Law School Case Brief
Charley v. Comm'r IRS - 91 F.3d 72 (9th Cir. 1996)
I.R.C.§ 61 provides that gross income means all income from whatever source derived. Gross income has been defined as an undeniable accession to wealth, clearly realized, and over which the taxpayer has complete dominion.
Dr. Philip Charley was authorized first class travel for his employer. Several times in 1988, Charley had a travel agent book a coach ticket but charge for first class. Charley would then use frequent flyer miles that he'd earned at no cost to upgrade coach tickets to first class, and have the agent transfer the amount of the price difference into his personal travel account. Appellee Commissioner of Internal Revenue determined that appellants, Charley and his wife, had a gain of $3,149.93 for the credits, the market value of the property minus the adjusted basis of zero, which was taxable. The tax court found that Charley and his wife had a tax deficiency of $882 and an addition to tax of $44 pursuant to I.R.C. § 6653 for negligent disregard of the tax rules.
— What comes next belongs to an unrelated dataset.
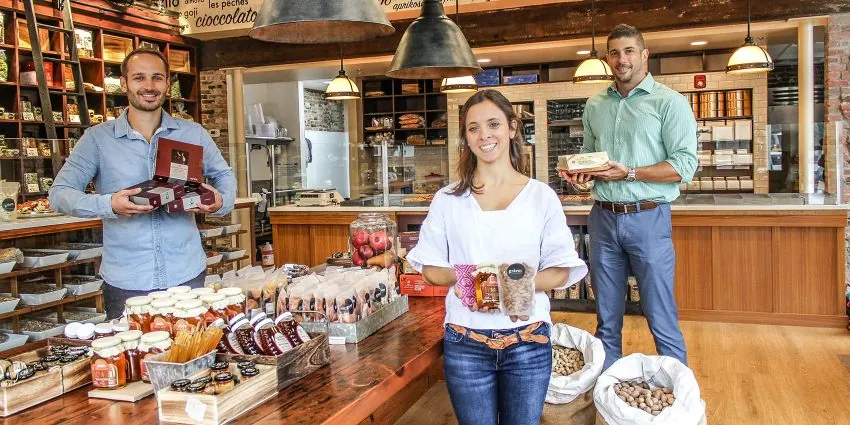 Linear Retail employees with Gräem Nuts and Chocolate employee, at Gräem Nuts and Chocolate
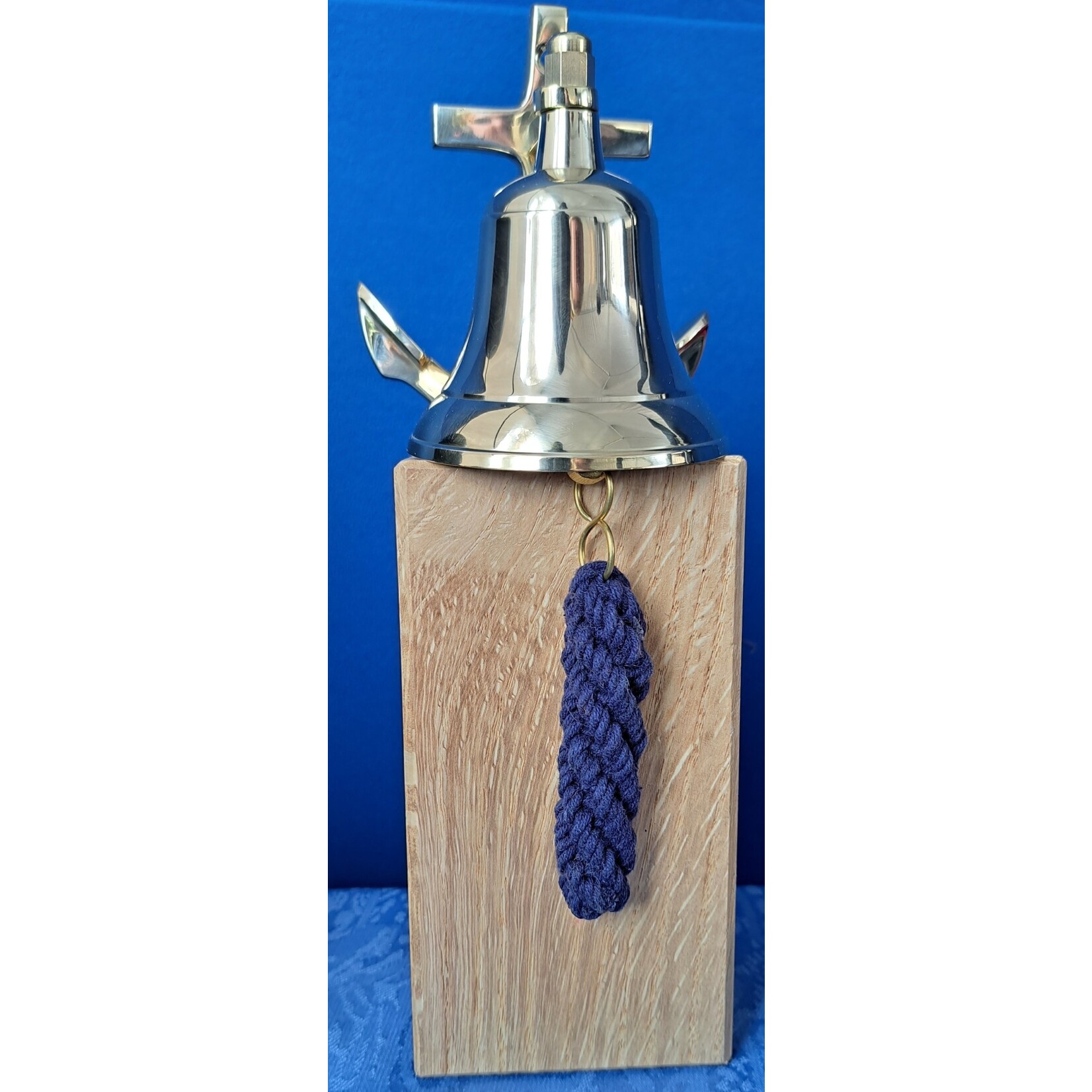 Cloche de navire avec ancre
Do travel credits converted to cash in a personal travel account established by an employer constitute gross income to the employee for federal income tax purposes?
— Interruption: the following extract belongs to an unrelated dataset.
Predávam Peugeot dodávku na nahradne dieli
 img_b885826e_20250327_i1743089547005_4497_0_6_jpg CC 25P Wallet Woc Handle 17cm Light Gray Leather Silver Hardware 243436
The court affirmed the deficiency because the funds credited to the account were taxable, whether as a gain from the disposition of property or as additional compensation, where Charley and his wife did not prove that the funds were excluded. The court reversed the § 6653 penalty, however, because a reasonable person would not conclude from the record that the conversion would constitute taxable income.